%%
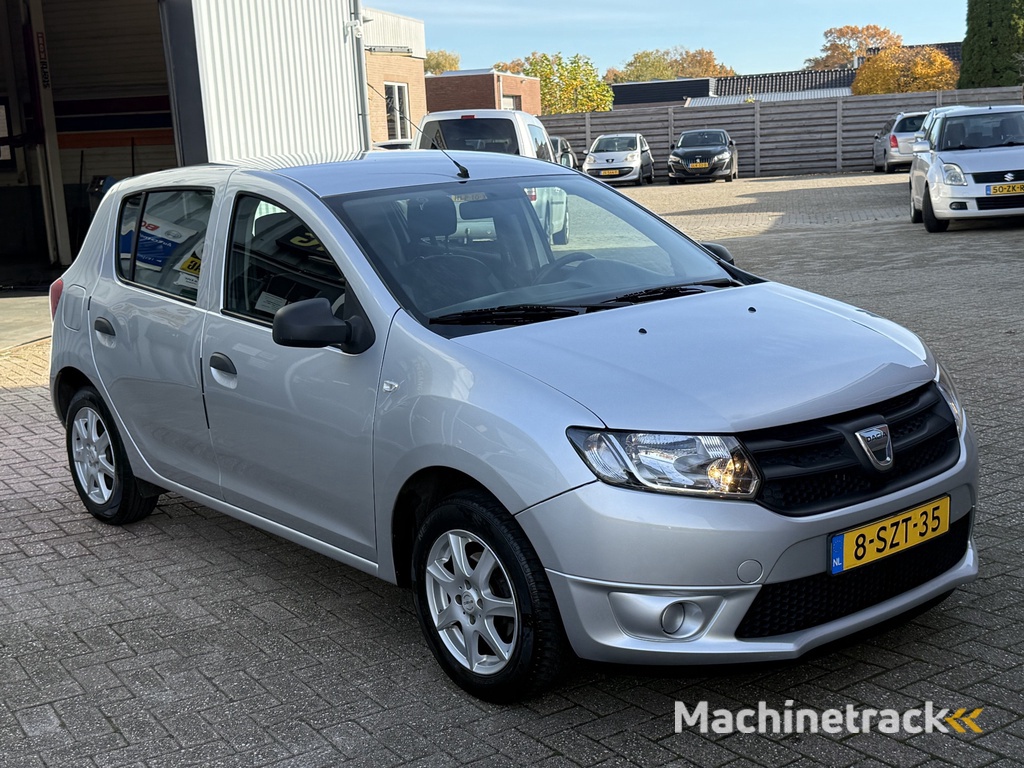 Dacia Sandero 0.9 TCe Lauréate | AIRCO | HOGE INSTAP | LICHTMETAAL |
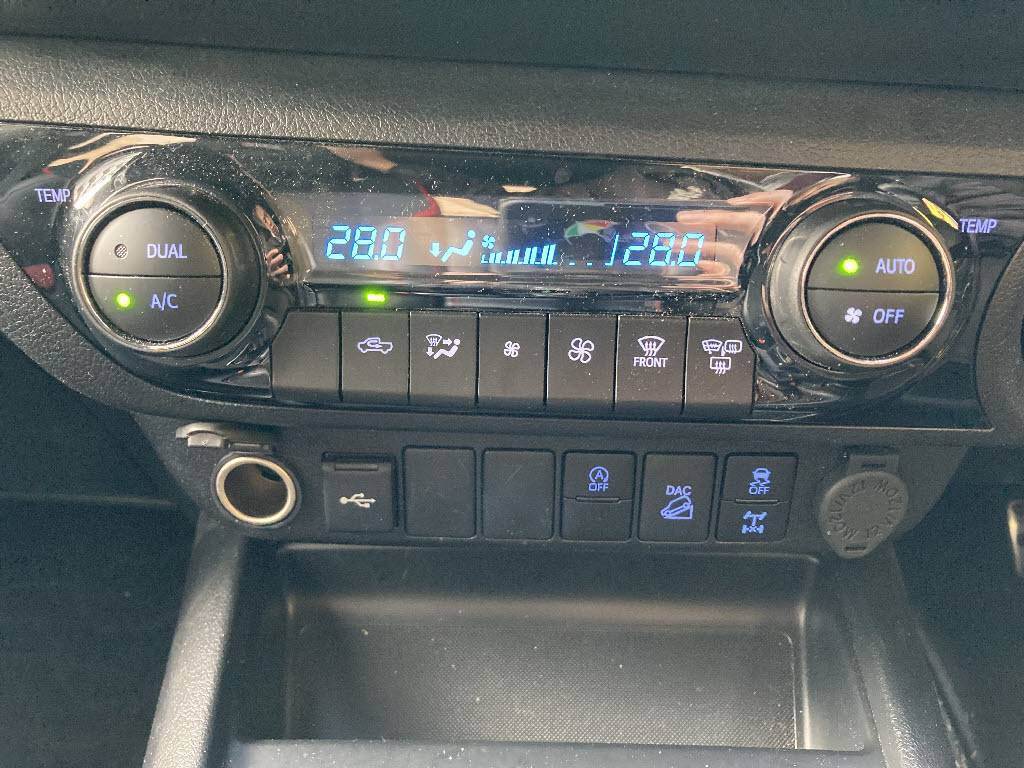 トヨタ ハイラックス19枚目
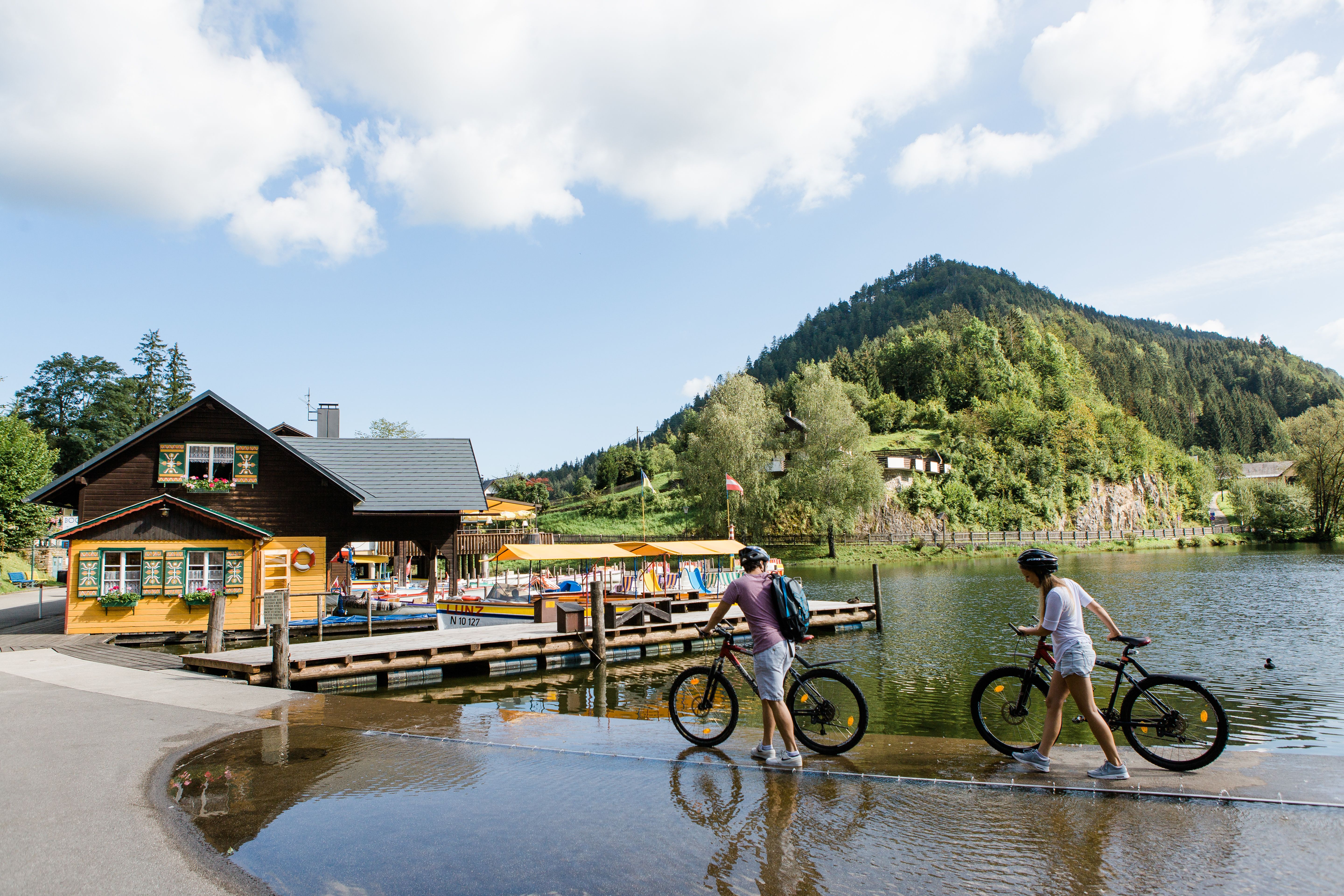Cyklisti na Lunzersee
%%
## TASK
As you output the material, omit the pictures but alter nothing else.

## EXPECTED ANSWER
 Dacia Sandero 0.9 TCe Lauréate | AIRCO | HOGE INSTAP | LICHTMETAAL |
 トヨタ ハイラックス19枚目
Cyklisti na Lunzersee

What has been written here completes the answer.